Conservative activists are pushing curriculum transparency legislation in more than a dozen states. (Helen H. Richardson / The Denver Post)

Colorado Democrats voted down a bill that would have required school districts to make all learning materials readily available to parents and made it easier for parents to raise objections about topics they deemed controversial.

Members of the House Education Committee said Thursday that they believe most teachers and school districts already make such information available to parents and disagreements can be handled at the local level without new laws. 

“For 20 years I had parents come in and ask me what we were reading and I would show them, give them a book, let them take it home and read it,” said state Rep. Barbara McLachlan, a Durango Democrat and retired English teacher. “Most teachers welcome it. There aren’t enough parents who go in and talk to a teacher.” 
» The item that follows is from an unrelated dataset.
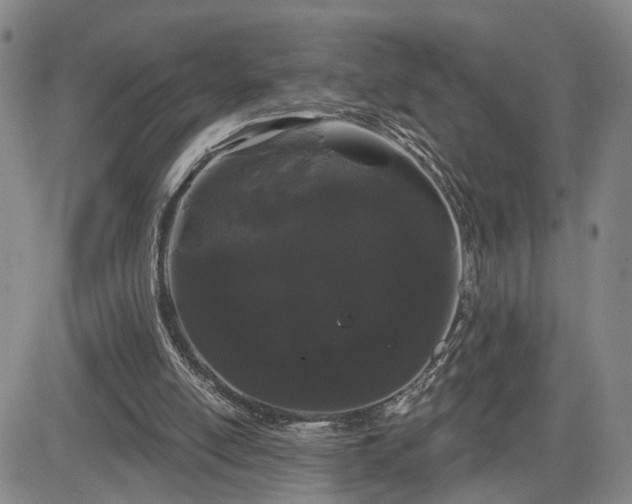 X0000084580054200703021541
McLachlan apologized to parents who told lawmakers their concerns had been brushed off and urged them to keep working in their local communities.

“I think transparency is valuable, and I think parent involvement is valuable,” McLachlan said. “Parents who are concerned need to go to their district and not the state.”
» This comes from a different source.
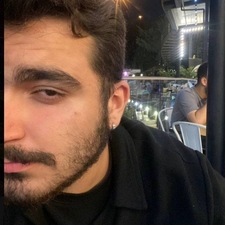 MohammadHossein Hashemi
The Republican-backed bill was similar to legislation being run in more than a dozen states. National conservative activists identified curriculum transparency policies as a way to challenge how schools teach topics like race, gender, and American history. Supporters of the Colorado bill said it would also give parents more tools to help with homework and open conversations with educators. 

Bill sponsor state Rep. Tim Geitner, an El Paso County Republican, amended the proposal in committee to remove the requirement to post all teaching materials online at the start of the school year. Instead, school districts would have to make all teaching materials readily available and respond to a request to see them within seven days. 

The bill also would have covered nonacademic surveys, such as Healthy Kids and other surveys of student well-being, teacher training materials, and information about electronic devices and software used by students. It also would have required districts that adopt controversial topics policies — as many already do — to have a clear way for parents to report violations.

Several parents told the committee about times their children were exposed to difficult or sensitive topics in ways they thought were inappropriate.

Erin Lee said her elementary-age daughter was invited to an after school art club where a speaker broached topics of gender identity and sexuality, told students their parents weren’t safe, and invited them to keep in touch with the speaker on a chat app.

Sherri Yockey said she was refused when she wanted to review a presentation on sexual assault and consent because her adopted children had been through past traumatic experiences. She was also denied when she asked for a lesson on the Russian Revolution to help one child study for a test.

Republicans on the education committee said parents need additional protections when schools aren’t forthcoming.

“The authority doesn’t lie with another person. It lies with the parent,” said state Rep. Mark Baisley of Roxborough. “And the only way that gets talked through is if the education community is willing to talk that through.”

But other parents raised fears that schools would change how they approach important topics.

Deronn Turner said she’s had to fight for information about her children’s education, but as a Black mother of four Black children, she worries about what wouldn’t get taught if schools felt subject to more intense scrutiny, including from people outside the school community.

“Being a person of color, I look at controversy in a different way,” she said. “Right now in this country, teaching Black history is controversial. Children should be able to learn about themselves in school, and teachers should not be restricted or censored because if students don’t learn about those things, we’re doomed to repeat things.”

Lauren Sorensen, a former Tennessee teacher, said the bill represented a dangerous first step that would leave teachers fearful of “being reported by Moms for Liberty bounty hunters.” She was referring to a conservative group that’s objected to teaching the story of Ruby Bridges, who integrated a New Orleans elementary school as a young girl, among other topics.

“I just moved here from Tennessee where they do ban books, and I know what censorship looks like in the beginning,” she said.

The bill faced opposition from school districts, rural schools, teachers unions, and progressive education advocacy groups.

“Teaching would be impossible if every parent were directing the instruction of every child differently,” said Amie Baca-Oehlert, president of the Colorado Education Association.

The bill was part of Republican lawmakers’ “Commitment to Colorado” legislative agenda that includes expanding parental rights in education. 

On Thursday, the House Education Committee rejected two other bills from that agenda, also on party-line votes. One would have allowed parents to petition for changes at low-performing schools and the other would have provided parents with tax money to enroll their child in another school.